Here are five survival strategies:

  1. Balance Interdependence and Autonomy. The HR manager and department must project an image of operational objectivity and privacy defender while performing their overall management function. The HR professional must also develop a capacity for "detached involvement," that is, being sensitive to personnel issues and individual employee concerns while resisting the rescuer role. If you’re always taking work home - literally or emotionally - your personal/personnel boundary will start to erode.

  2. Reach Out to Specialists and Consultants. Resist the urge to be Rambo or Rambette. This involves taking things too personally, processing a significant downsizing or upgrading a computer system by yourself. Reach out for expert support such as an Employee Assistance Program counselor, especially with seriously disgruntled or dysfunctional employees. For widespread department tension consider using a corporate change/critical intervention consultant.

  3. Balance Administrative Work and Human Relating. Beware of becoming a solitary HR number cruncher who’s sequestered in an IT fortress. Don’t lose the human touch. Periodically, walk around your shop and swap stories with folks on the work floor. Bridge the gap between management and employees. Rotating different hats will also help you follow my maxim, "Fireproof your life with variety!"

  4. Encourage Independence by Setting Boundaries. These three boundary-setting strategies will enable the HR manager to successfully juggle various roles and responsibilities:

      a. Delegation. Monitoring (not micromanaging) employee performance is vital. Balance the Triple A, - Authority, Autonomy and Accountability - which are critical management and stress tools.

      b. Education. Help others not to be so dependent on your indispensable knowledge. Training for employees and supervisors on HR-related procedures, Web site information negotiating and self-initiated employee data gathering, etc., is vital in today’s time- and task-driven environment.

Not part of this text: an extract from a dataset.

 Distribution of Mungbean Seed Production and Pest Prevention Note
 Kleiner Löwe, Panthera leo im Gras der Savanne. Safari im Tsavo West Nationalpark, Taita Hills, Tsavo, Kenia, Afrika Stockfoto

      c. Separation. Generate the space-time dynamics for optimal performance of HR. Balance accessibility and boundaries with “closed door" time; design a form and function office layout that allows for vital interdependence between HR and employees. One HR department installed a dartboard on a back wall for stress relieving fun and friendly competition. Model the stress management mantra, "Giving of yourself and giving to yourself!"

  5. Maximize Team Meetings. Productive team meetings are essential to share logistically and emotionally demanding workload for the HR manager and his or her staff. Meetings should to be more than time and task-driven staffing; build in a 15-minute "wavelength" segment. Use this segment for the group to grapple with emotionally tough personnel issues - dealing with pink slips, reorganization uncertainty, turf battles with other departments, cultural diversity tensions, etc.
Let a staff member acknowledge sources of work pressure. As a group, assess the strengths and roadblocks affecting solid team coordination and cooperation. Perhaps even rotate the leadership of these meetings amongst your HR staff. Learn to wear both the team member and manager hats.

Recognizing these ten stressors and five strategic interventions will lighten the personal load while strengthening leadership hold.